The remark was made by Digby Jones, director-general of the Confederation of British Industry (CBI) during an interview with the Cambridge Evening News.
Mr Jones told the paper: “Cambridge is one of the world centres of excellence.
As a brand it is first class, but it has a doughnut around it, depopulating by the minute, and they are called farmers.
There is a huge, huge social problem. They are unskilled, unemployable and the situation is going to get worse.”
Local National Farmers Union chairman Peter Howes said the comment displayed a worrying ignorance about the wide range of skills farmers possess.
“Many farmers will be angered by the comments,” he said. “We hope Mr Jones will find time to come out into the countryside and see the true picture for himself.”

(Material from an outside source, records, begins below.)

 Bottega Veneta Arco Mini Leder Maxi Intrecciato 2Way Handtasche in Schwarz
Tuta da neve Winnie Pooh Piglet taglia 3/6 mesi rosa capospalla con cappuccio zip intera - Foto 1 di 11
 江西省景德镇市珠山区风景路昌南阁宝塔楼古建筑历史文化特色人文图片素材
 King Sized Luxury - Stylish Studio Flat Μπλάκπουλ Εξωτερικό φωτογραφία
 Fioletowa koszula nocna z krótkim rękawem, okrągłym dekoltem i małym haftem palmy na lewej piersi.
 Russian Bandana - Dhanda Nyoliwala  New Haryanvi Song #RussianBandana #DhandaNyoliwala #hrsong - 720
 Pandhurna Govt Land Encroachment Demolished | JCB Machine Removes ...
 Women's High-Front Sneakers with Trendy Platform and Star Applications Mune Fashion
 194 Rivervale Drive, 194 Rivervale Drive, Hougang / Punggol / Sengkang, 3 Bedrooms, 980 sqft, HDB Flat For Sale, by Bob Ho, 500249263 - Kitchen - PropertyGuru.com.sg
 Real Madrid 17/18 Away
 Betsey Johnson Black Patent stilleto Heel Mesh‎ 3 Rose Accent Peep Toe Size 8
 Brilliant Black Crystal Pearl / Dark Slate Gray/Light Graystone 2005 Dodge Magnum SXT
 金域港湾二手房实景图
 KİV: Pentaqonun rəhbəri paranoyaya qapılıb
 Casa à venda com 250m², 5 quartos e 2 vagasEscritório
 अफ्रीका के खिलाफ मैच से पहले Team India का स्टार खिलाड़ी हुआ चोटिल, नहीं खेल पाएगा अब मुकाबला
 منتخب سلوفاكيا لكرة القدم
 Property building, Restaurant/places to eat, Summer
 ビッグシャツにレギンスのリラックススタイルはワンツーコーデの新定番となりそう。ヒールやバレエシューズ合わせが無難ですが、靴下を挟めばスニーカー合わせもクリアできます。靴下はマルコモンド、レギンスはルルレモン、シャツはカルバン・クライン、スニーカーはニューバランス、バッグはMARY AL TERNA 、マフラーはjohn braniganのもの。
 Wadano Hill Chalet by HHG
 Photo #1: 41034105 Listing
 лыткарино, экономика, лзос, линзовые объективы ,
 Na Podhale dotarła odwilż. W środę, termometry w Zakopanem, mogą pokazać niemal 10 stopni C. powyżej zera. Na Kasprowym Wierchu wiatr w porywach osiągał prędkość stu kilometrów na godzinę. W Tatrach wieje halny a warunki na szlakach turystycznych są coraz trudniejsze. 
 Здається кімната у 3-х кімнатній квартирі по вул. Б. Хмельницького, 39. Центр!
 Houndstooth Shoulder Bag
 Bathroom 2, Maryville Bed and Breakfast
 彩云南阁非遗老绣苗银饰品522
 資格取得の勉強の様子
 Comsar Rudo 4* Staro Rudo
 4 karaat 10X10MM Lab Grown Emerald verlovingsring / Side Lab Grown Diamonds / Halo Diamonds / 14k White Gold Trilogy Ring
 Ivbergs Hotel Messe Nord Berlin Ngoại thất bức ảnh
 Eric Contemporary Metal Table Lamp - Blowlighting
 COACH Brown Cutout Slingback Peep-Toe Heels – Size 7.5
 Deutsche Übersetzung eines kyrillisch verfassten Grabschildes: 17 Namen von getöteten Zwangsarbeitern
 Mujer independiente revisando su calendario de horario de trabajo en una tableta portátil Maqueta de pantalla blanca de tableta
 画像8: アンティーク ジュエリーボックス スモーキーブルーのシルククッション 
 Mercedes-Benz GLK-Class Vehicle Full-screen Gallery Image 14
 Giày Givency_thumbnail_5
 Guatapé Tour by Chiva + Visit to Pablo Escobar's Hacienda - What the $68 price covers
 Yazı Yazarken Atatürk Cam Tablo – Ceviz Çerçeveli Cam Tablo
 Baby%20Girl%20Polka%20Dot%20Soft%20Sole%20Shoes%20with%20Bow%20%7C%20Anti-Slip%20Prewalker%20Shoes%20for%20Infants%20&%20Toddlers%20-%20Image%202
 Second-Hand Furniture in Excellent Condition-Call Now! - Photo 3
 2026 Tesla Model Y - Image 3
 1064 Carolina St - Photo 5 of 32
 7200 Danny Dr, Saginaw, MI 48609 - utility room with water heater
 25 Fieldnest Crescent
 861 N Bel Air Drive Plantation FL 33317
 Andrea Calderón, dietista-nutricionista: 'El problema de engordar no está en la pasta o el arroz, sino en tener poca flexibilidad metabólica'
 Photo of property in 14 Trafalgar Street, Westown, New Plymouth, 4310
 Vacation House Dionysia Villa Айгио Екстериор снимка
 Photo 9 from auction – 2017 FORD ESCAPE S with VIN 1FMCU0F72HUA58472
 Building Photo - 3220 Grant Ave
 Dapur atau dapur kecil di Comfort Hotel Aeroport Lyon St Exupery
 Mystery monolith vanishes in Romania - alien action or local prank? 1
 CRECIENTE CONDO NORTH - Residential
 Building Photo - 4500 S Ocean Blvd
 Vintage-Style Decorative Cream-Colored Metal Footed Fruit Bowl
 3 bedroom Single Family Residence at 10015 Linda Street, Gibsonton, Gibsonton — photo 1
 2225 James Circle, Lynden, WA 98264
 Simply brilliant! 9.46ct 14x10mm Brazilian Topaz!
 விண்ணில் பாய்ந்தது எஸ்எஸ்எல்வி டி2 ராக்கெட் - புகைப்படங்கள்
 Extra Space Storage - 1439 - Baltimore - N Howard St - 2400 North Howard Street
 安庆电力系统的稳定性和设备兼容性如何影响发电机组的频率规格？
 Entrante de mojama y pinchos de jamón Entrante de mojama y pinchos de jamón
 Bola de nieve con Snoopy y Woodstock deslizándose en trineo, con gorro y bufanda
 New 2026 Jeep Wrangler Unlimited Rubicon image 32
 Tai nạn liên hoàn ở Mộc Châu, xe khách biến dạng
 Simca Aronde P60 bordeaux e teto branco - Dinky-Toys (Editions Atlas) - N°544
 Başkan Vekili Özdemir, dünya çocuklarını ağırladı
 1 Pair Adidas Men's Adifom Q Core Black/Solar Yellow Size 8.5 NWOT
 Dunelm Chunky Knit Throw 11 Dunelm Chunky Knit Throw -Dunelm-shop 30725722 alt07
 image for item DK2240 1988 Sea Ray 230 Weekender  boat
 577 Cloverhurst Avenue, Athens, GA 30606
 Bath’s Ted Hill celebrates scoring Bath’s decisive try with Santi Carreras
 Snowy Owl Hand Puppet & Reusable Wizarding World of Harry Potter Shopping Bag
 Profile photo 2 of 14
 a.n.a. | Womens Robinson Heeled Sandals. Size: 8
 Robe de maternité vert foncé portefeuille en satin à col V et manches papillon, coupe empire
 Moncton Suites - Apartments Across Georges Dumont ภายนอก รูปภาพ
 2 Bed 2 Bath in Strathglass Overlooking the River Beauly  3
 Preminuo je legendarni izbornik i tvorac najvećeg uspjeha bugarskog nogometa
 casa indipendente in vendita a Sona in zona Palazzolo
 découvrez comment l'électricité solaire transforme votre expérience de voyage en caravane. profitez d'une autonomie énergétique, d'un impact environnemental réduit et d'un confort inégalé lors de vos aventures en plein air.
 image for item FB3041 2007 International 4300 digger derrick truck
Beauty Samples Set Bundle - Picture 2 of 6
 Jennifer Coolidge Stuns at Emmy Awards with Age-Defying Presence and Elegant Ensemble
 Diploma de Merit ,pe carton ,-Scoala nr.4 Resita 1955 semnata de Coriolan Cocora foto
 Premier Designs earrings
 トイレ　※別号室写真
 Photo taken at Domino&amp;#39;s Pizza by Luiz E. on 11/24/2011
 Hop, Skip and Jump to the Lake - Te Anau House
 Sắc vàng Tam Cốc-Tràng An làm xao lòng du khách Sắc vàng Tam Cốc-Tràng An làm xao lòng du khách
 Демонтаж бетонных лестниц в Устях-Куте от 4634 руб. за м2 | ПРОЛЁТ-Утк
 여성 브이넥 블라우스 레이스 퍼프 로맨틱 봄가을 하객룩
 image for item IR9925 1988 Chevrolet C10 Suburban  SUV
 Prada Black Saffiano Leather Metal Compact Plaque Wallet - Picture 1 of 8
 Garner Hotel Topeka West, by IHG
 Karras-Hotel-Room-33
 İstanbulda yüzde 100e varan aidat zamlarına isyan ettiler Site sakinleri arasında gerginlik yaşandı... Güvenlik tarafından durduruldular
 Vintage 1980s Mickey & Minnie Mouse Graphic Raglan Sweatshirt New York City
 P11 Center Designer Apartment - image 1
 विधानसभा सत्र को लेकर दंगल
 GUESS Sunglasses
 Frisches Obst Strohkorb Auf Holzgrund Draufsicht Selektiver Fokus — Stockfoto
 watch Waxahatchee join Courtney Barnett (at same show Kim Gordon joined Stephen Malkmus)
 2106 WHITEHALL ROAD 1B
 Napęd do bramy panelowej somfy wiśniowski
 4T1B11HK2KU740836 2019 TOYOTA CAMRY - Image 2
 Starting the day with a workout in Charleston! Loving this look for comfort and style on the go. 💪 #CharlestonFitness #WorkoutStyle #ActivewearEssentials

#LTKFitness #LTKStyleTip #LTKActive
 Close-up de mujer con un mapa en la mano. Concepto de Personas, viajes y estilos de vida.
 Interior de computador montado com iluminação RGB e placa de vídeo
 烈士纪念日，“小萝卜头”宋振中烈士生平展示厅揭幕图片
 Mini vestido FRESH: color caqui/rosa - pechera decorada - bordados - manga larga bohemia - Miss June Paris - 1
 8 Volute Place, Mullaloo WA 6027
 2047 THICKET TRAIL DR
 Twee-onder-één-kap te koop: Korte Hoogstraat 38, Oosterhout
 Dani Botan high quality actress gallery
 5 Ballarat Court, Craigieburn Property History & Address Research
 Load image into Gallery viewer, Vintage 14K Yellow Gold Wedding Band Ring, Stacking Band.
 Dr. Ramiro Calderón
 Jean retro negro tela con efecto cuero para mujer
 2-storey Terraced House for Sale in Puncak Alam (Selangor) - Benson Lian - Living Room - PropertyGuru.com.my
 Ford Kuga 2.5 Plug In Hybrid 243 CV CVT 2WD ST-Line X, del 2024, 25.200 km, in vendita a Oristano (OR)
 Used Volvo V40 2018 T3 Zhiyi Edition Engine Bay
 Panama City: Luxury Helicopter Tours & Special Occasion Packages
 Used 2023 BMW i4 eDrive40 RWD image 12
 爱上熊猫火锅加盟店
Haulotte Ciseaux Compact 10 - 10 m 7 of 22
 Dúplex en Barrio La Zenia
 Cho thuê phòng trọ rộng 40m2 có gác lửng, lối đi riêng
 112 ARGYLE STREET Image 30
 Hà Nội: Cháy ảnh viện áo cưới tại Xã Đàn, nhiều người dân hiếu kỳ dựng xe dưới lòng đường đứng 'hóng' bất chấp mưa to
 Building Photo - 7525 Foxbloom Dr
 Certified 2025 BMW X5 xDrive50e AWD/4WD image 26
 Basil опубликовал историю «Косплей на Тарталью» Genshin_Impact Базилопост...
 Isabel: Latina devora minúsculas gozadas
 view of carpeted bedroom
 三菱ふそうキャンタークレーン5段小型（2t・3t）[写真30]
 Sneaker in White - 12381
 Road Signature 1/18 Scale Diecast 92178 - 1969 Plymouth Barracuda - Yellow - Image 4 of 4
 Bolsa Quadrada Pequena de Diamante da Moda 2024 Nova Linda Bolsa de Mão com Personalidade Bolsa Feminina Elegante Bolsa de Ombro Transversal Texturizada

Mr Howes said he had written to Mr Jones inviting him to visit to local farms and see the “true picture”.
He wrote: “You appear to be totally unaware of the tremendous strides farming has taken in recent years and the diverse and complex nature of the businesses farmers now run.”
Yorks farmer Henry Fell, a former chairman of the Tenant Farmers Association (TFA) said: “Its pretty easy for Mr Jones to say what he has said but frankly it is a bit facile.
However, that is not to deny that there is a problem out there.”
Mr Fell has called for leaders of the NFU, TFA and Country Landowners Association (CLA) to set up a Confederation of British Agriculture along CBI lines
CLA spokeswoman Lindy Margach said: “Farmers may not have conventional qualifications but to describe them as unskilled and unemployable is an appalling slur on a highly capable, intelligent, clear thinking and professional group of people.
They have innate entrepreneurial skills which British industry chooses to ignore at its peril.”
NFU representative Bob Holdsworthy is a member of Business Wales which itself is a member of the CBI.
He said: “I think farmers have got their own skills, though they may be different from skills in general business.
Many have proved they can diversify into other businesses and then become CBI members.”
A spokeswoman for the CBI said the accuracy of the newspaper report was not being challenged.
But she said Mr Jones may have awkwardly expressed his views on the re-skilling of the agricultural sector and the remark was then taken slightly out of context.